Task statement:
Beginning with the line that contains "sticker 16 of 40", transcribe the rest of the listing below exactly, including its last line, and exclude any pictures.

Stored data:
+ + +
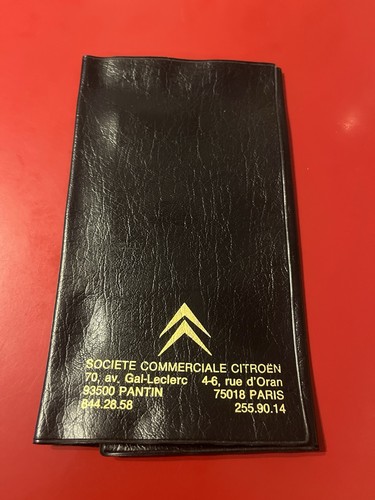 Porte carte grise - , vintage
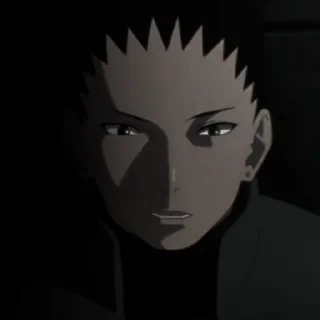 🎮 emoji Shikamaru nara @sundaymusicc Telegram sticker 16 of 40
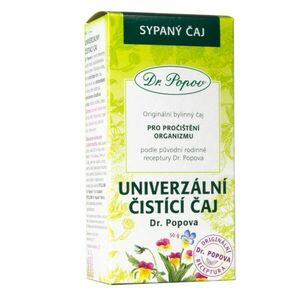 Dr. Popov Univerzální čistící čaj 50 g obraz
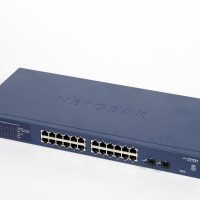 NG 24PORT SM GIGABIT SWITCH GS724T-0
+ + +
Solution for this task:
 🎮 emoji Shikamaru nara @sundaymusicc Telegram sticker 16 of 40
 Dr. Popov Univerzální čistící čaj 50 g obraz
 NG 24PORT SM GIGABIT SWITCH GS724T-0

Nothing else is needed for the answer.